Paul Klee Artwork at Centre Pompidou Paris - The Retrospective - Ideelart

Opera di Paul Klee al Centre Pompidou di Parigi - La Retrospettiva

Cosa si può fare in un solo giorno? Si può sognare, si può ridere, si può innamorare. O forse si possono fare tutte e tre le cose con una visita a Ironia in Azione, una mostra retrospettiva delle opere di Paul Klee attualmente in esposizione al Centre Pompidou di Parigi. Fu Klee a dire una volta, “Un solo giorno è sufficiente per renderci un po’ più grandi o, un’altra volta, un po’ più piccoli.” Durante la recente visita di un giorno di IdeelArt a Ironia in Azione abbiamo sperimentato entrambe le sensazioni.
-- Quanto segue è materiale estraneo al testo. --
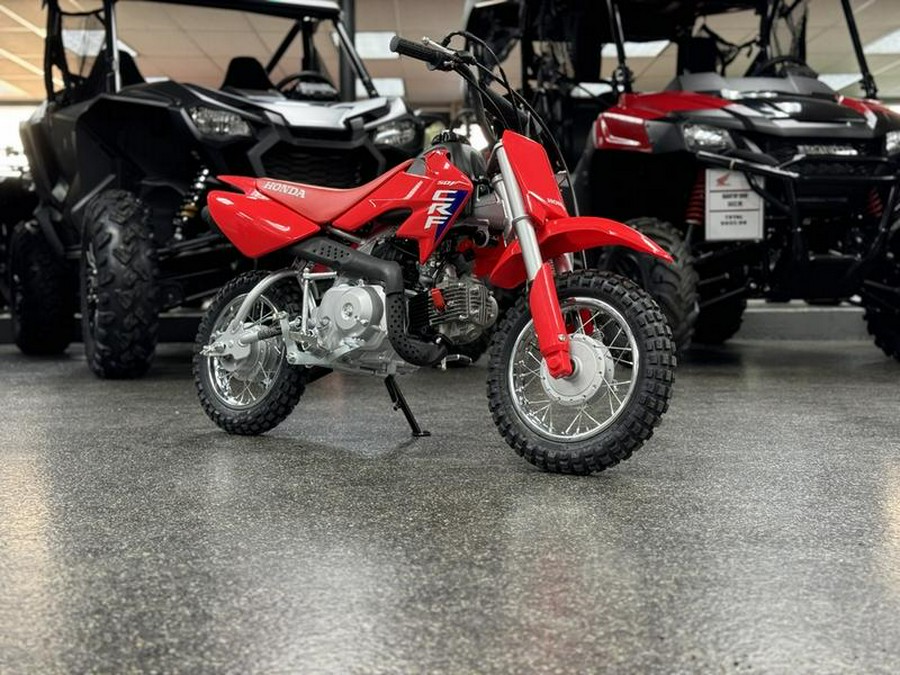 2025 Honda® CRF50F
La grandezza e la brillantezza delle opere di Klee ci hanno umiliato, facendoci sentire davvero un po’ più piccoli, soprattutto considerando che le circa 250 opere incluse nella mostra rappresentano solo un quarto di un percento delle oltre 10.000 opere che Klee produsse nella sua vita. Ma la mostra ci ha anche ingranditi. L’umorismo e la profondità evidenti in molte delle opere di Klee ci hanno ringiovaniti, ci hanno fatto sorridere, sognare, innamorare, riflettere e, più e più volte, ridere.
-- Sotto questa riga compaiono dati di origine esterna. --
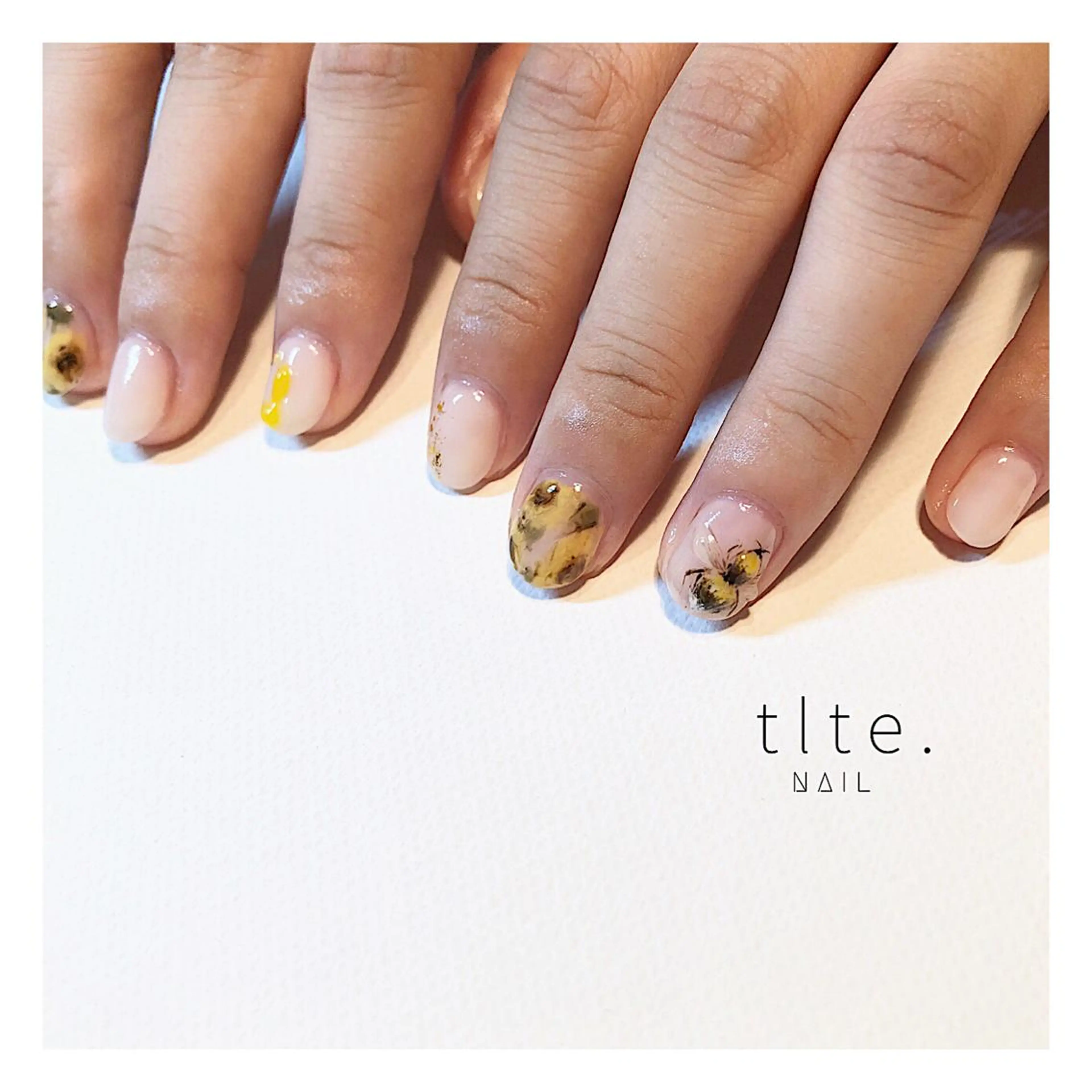 ネイル tlte. NAILのネイルデザイン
L’umorismo nelle opere di Paul Klee

Una delle opere in mostra a Ironia in Azione presenta un ritaglio di giornale che pubblicizza la mostra di Klee del 1945-46 alla National Gallery di Londra. Il ritaglio mostra una riproduzione di “Fool in Trance,” o come lo chiama il ritaglio “Nano Idiota in Trance.” Sotto l’immagine c’è un commento attribuito a qualcuno di nome “Epstein,” evidentemente lo scultore britannico Jacob Epstein, contemporaneo di Klee. Il commento recita: “Proprio come scarabocchiare.” In effetti ci sono molti elementi nell’estetica di Paul Klee che potrebbero far ridere uno spettatore paragonando i suoi quadri a scarabocchi infantili. Questo è solo uno degli aspetti del suo stile che ci ha fatto sorridere per tutta la durata di questa mostra.

Quegli elementi infantili sono evidenti anche nell’estetica delle sculture di Klee. Klee non realizzò molte opere scultoree, meno di 100. Per Ironia in Azione, i curatori hanno acquisito una delle sue migliori, Morte con la Maschera di Mummia. Quest’opera iconica a prima vista sembra i resti di un castello di sabbia abbandonato sulla spiaggia, o il progetto di argilla di un bambino andato terribilmente storto. Inevitabilmente suscita un sorriso. Ma come per i suoi cosiddetti scarabocchi, c’è qualcosa di più in questa scultura legato al senso dell’umorismo di Klee. Klee non stava solo facendo il buffone o il primitivo. Voleva essere provocatorio. Prendeva in giro con ironia i suoi predecessori, i suoi contemporanei, se stesso e l’atto stesso di fare arte.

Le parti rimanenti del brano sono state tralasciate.